Bohater podczas rozmowy zobaczył, że w wewnątrz stajni jest dużo słomy i siana, nie było to nadzwyczajne, bo przecież była to stajnia. Jednak w niektórych miejscach kupy były wygniecione, jak gdyby ktoś tam czasem mógł sypiać.
Oswald
Nagle do karczmarza podszedł jakiś kupiec położył na blacie dziesięć szylingów i dodał:
- Jedzenie ze stołu.
Karczmarz prędko położył na monetach swoją grubiutką dłoń i zabrał je z blatu, skinąwszy jedynie głową, że może się częstować.
Karczmarz lekko się zaczerwienił spoglądając na Oswalda, i na pytanie o pokój pośpiesznie odparł,
- Możemy tak się umówić. - wyciągnął tymsamym dłoń po monetę.
Czym prędzej zmienił temat odpowiadając tym samym na wcześniejsze pytanie:
- Oczywiście, że tak, sam wszystko przygotowuje. pewnie i tak byś mi nie uwierzył, ale kiedyś pracowałem na dworze pewnego panicza, to były czasy u panicza spod herbu trzech wron.
- Kupcy to większość tutejsi, wyjeżdżają do pobliskich miejscowości sprzedają, kupują i wracają. Dzisiaj chyba nie ma tutaj żadnych przyjezdnych prócz ciebie paniczu, prócz ciebie.
Otwin
Zainteresował swoją opowieścią gospodarzy
- Stary siwy dziadek powiadasz. - zamyślił się gospodarz - dużo tu takich, ale że przejezdny, to już mniej, musze popytać, bo coś było na temacie ostatnimi dniami. Ja ino w poluj żem więcej robił to nie za wiele wim. Ale popytam. Zrobię to z samego rana jak o nagrodę się rozchodzi.

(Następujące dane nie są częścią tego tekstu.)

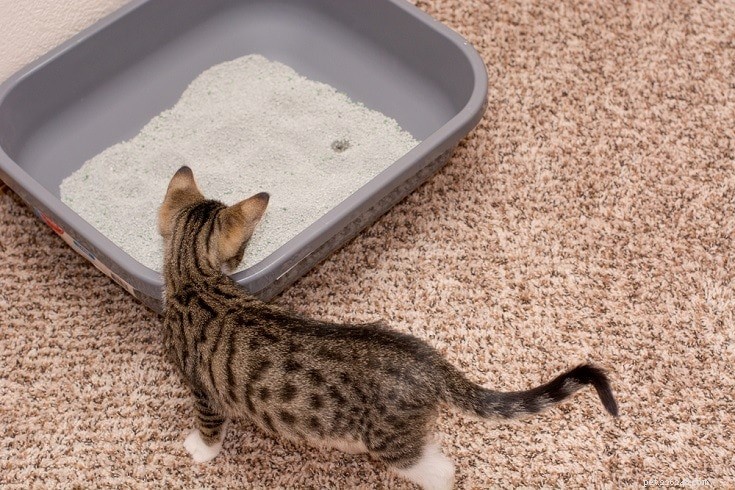 Kat die buiten de kattenbak plast? 11 redenen en hoe u het kunt stoppen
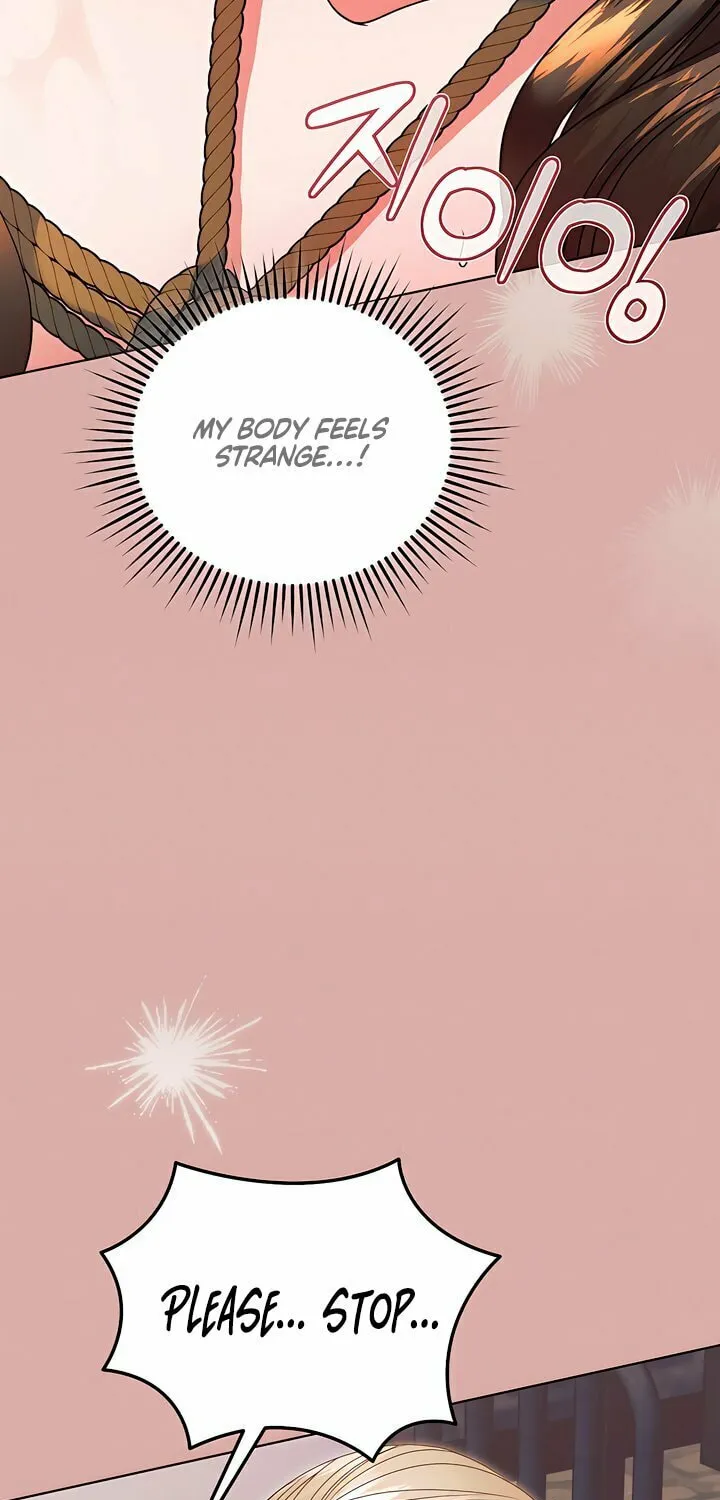 Try Begging Chapter 45 page 66 - 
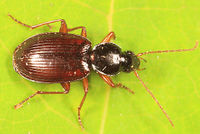 Agonum retractum BugGuide182424.jpg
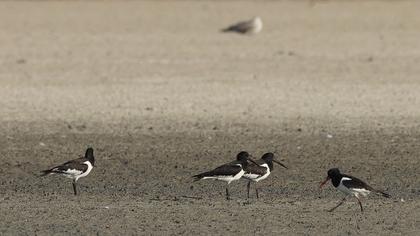 Eurasian Oystercatcher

Domownikom zaświeciły się oczy na widok złotej monety, która teraz spoczywała w rękach Otwina.
-Oczywiście, za tę monetę będziesz miał o co prosisz… - jednak nagle ludzie zaniemówili widząc stworzenie pod ich stołem.

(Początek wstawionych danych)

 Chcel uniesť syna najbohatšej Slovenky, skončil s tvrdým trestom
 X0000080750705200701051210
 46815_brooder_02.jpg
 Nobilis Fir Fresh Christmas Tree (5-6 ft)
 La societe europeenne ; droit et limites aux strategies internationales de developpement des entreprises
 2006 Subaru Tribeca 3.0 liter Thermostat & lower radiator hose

Gryf dobrze się krył ze swoją obecnością, a to idąc tuż za nogami bohatera, przemykając się pod krzesłami czy stołem, jednak teraz gdy bohater zdradził jego obecność ludzie byli w niemałym zaskoczeniu.
- Panie, ten potwór, jak kto go tutaj zobaczy to jeszcze nas spalą. Przecie to nie zwierzę.
Gryf spokojnie przeciągał się nie za bardzo rozumiejąc o czym właśnie wieśniak mówił.
- Czy on nas nie zarazi niczym? - zapytał się niepewnie odsuwając dalej od stołu - przecie to jest zmutowane stworzenie.